おテツに男らしくないと言われたが、実にその通りである。本来の気持ちを優先させるならば、小春を奪いにいくべきだったろう。けれど彦左衛門は自分の性分からして、どういう行動にでるかはわかりきっている。
「月岡殺しを追っている人間が、人殺しをするわけにはいかねぇんだよ……」
彦左衛門がぶつぶつと文句を漏らしながら筆を走らせる。
夜中遅くに銀次が戻ってきた。
「旦那、大国屋の件当たりです。証拠は掴みました。月岡尚五郎、身内に内緒で大国屋と抜け荷をしていました。廻船問屋はまっとうな商売が売りで、大国屋の誘いに乗らなかったが、尚五郎が遊ぶ金欲しさに口利きをして裏商売になっています」
「事件への関与は?」
「宵待草を取りに行くのではなくて、抜け荷の手数料を受け取りに行ったようです。
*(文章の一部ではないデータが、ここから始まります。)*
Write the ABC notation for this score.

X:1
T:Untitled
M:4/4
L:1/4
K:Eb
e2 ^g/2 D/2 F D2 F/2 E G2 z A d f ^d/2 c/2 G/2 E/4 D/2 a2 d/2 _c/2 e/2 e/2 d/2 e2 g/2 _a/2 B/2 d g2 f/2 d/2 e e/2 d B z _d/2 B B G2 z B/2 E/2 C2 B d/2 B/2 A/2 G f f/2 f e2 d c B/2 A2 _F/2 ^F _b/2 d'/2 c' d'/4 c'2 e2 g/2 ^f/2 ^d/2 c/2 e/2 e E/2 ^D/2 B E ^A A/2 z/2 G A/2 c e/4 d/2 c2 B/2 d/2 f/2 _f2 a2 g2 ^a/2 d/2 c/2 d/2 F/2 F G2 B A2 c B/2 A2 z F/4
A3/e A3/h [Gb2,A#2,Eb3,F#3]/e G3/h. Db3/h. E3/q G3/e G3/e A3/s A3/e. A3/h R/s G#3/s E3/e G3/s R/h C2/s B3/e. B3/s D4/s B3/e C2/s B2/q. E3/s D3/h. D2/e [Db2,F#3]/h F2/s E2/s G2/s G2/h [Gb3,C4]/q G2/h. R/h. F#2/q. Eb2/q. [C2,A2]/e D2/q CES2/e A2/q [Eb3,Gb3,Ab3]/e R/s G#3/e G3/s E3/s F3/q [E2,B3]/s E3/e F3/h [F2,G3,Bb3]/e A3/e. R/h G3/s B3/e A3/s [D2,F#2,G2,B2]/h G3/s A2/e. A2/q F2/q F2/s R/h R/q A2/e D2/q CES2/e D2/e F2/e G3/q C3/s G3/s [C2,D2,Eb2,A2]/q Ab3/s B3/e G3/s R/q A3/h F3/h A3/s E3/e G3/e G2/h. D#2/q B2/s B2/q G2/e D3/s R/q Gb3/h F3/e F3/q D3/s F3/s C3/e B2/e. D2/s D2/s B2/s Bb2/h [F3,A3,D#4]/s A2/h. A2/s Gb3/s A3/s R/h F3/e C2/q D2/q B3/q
その日に金を受け取り、その足で吉原近くの河原まで行ったようです」
彦左衛門は頭を抱えた。
「そうか。大国屋に月岡を殺す原因はなかったか」
「心中でなければ、大国屋以外に月岡を恨む人間がいるってことですね。そいつは吉原に関係がある人物だ。やっぱり菊乃なんでしょうか。吉原から逃げさせてもらって……月岡を」
「無いな。殺すほどの恨みもない。唯一の味方を殺して、その後どうやって生きていく」
「じゃあ、誰です? 妖しいヤツなんていないですよ」
「いるだろ。明日一番で吉野神社を調べよう。月岡を最後に見た場所をよく聞いておけ。あとは弥勒の生まれ育ちが知りたいところだが」
銀次は彦左衛門が書いているものを見て、突然吹き出して笑った。
「事件帳書いていると思ったら、落書きですか!?」
「馬鹿! 人相書きだ! 人を探すならあったほうがいいだろう。筆づかいなら俺のほうが上手いぞ」
「それは字でしょう。こりゃ……(酷い)」
「人の顔は覚えられるが描くのは難しいな。弥勒があまり上手なものだから、俺でもできるかと思ったよ」
銀次は筆と紙を借りるとサラサラと上手に書き上げたので、彦左衛門は機嫌を損ねた。
「とりあえず、三年前ほど前に引退した役者を調べろ。芝居好きなババアどもなら覚えているかもしれん」
彦左衛門はふたたび待宵草の絵と自作の人相書きを見比べた。
「俺のだって上手いだろ」
そうして今宵は小春を待つ。
番所の灯は消えぬまま、やがて朝を迎えた。